Now comes news that Egypt's fertile Nile River delta -- and its rich agricultural lands -- are having trouble dealing with this century's 8-inch sea level rise, and the 1-foot sea level rise predicted by 2020 is sounding economic and food security alarm bells:
The Nile Delta, Egypt's bread basket since antiquity, is being turned into a salty wasteland by rising seawaters, forcing some farmers off their lands and others to import sand in a desperate bid to turn back the tide.
Experts warn that global warming will have a major impact in the delta on agriculture resources, tourism and human migration besides shaking the region's fragile ecosystems.
Over the last century, the Mediterranean Sea, which fronts the coast of the Nile Delta, has risen by 20 centimetres (
sixeight inches) and saltwater intrusion has created a major challenge, experts say.
A recent government study on the coast of Alexandria, Egypt's second largest city, expects the sea to continue to rise and flood large swathes of land.
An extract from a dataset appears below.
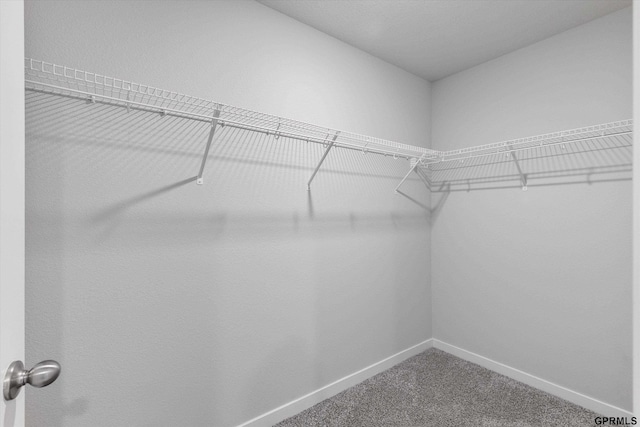 spacious closet with carpet flooring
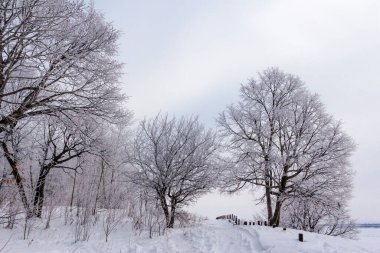 Parktaki ağaçlar kardan önce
"A 30 centimetre rise in sea level is expected to occur by 2025, flooding approximately 200 square kilometres (77 square miles).
"As a result, over half a million inhabitants may be displaced and approximately 70,000 jobs could be lost," the study said.
The fertile Nile Delta provides around a third of the crops for Egypt's population of 80 million and a large part of these crops are exported providing the country with an important source of revenue.
Once stories and pictures like this start to hit harder in America, public support for bold policy solutions is sure to change. Only then, it may be too late to prevent climate disruption from having catastrophic impacts on life as we know it.
How does this threaten, off the top of my head, a couple of my favorite things in life? For one, I hope that New Orleans (I'm a huge fan of the city's Jazz Festival) and my favorite ski areas (I'm an avid skier) are able to survive!